Foi até o vestiário dos funcionários para deixar seus pertences e seguiu para o balcão. Ao entrar, os pelos de sua nuca eriçaram. Sentia que estava sendo observada. Olhou ao redor discretamente, e se concentrou em caminhar observando o reflexo nos vidros. Esse mau pressentimento já salvara sua vida mais de uma vez, e hoje não seria diferente.

Depois de alguns minutos, confirmou seus piores pesadelos. Ele estava lá. Mike, a única pessoa de sua vida antiga que poderia rastreá-la, se quisesse. Afinal, ele foi seu mentor há muito tempo. Caminhou em sua direção, ele estava sentado nos fundos, perto da saída de emergência.

- O que está fazendo aqui? – Lucy perguntou, direta e seca, com medo do que ele poderia lhe dizer.

- É bom te ver também, Zoe. Com vida e saudável, aparentemente. Nunca havia te imaginado como garçonete – Respondeu Mike, de forma sarcástica. Ele era um homem de 30 e poucos anos, de estrutura atlética, com cabelos lisos e pretos, começando a ficar grisalho, e olhos castanhos claros que nunca deixam transparecer suas intenções.

- É Lucy agora. Vou perguntar de novo, o que está fazendo aqui? – Exigiu Lucy.

- Tudo bem, Lucy, já vi que não tem interesse em amenidades, achei que poderia ter sentido minha falta – Disse, tentando soar indiferente, mas falhando. Isso fez um buraco se abrir no peito de Lucy, que queria mais do que tudo estar com ele novamente, mas não podiam, nunca mais. – Vim te dar um aviso. Saia desta cidade o mais rápido possível. Eles descobriram que ainda está viva, e mais gente está à sua procura. Se descobrirem que eu te ajudei todos esses anos, minha cabeça estará a prêmio também, e eu gosto da minha cabeça onde está. É uma questão de tempo até descobrirem sua localização. – Respondeu Mike, e ficou observando a reação de Lucy, enquanto ela absorvia o que ele havia dito. Ela não deixou transparecer suas emoções, e ele sentiu uma pontada de orgulho, ela havia sido sua melhor aluna, embora a relação deles tenha sido muito mais complexa que apenas aluno e professor.
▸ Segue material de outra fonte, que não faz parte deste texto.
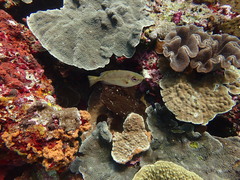 Heteropriacanthus carolinus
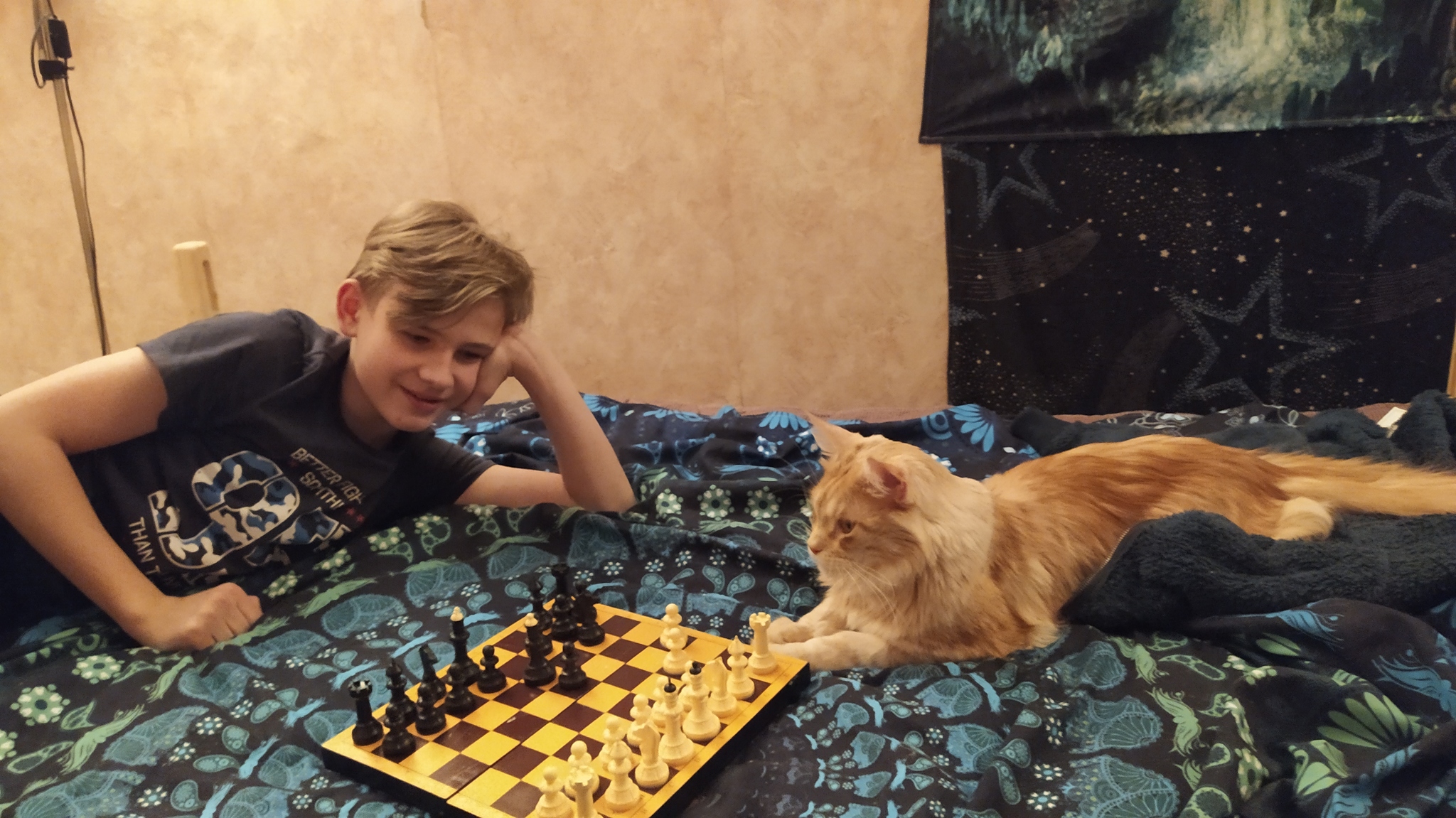 Fluffy chess player - My, Chess, Maine Coon, Funny animals, cat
- Você me ajudou todos esses anos? - Perguntou Lucy aturdida. - Tudo bem, não importa. O que você pode me contar? Quando descobriram sobre mim? E o mais importante: como? Já se passaram quatro anos, imaginei que estaria relativamente segura. – Disse, enquanto tentava entender a bomba que havia sido jogada em seu colo. Descobriram a verdade sobre ela, seria caçada até ser encontrada. E ainda havia mais gente à sua procura, precisaria ter uma conversa mais a fundo com Mike e descobrir o que ele sabia.

- Eu sempre soube que estava viva, encobri os poucos rastros que deixou ao longo dos anos. - Disse Mike, e a observou com o semblante sério. - Não tenho detalhes, descobriram ontem que está viva. Quanto ao como, pode ter sido algum deslize nessa cidade, alguém que te reconheceu de algum lugar, postou uma foto sua, não sei dizer. E você nunca estará segura, não depois do que fez. – Respondeu Mike, enquanto analisava um cardápio que ela havia entregado a ele para parecer que era apenas um atendimento comum.

- Ela está segura? – Perguntou Lucy, sentindo uma pontada de ansiedade.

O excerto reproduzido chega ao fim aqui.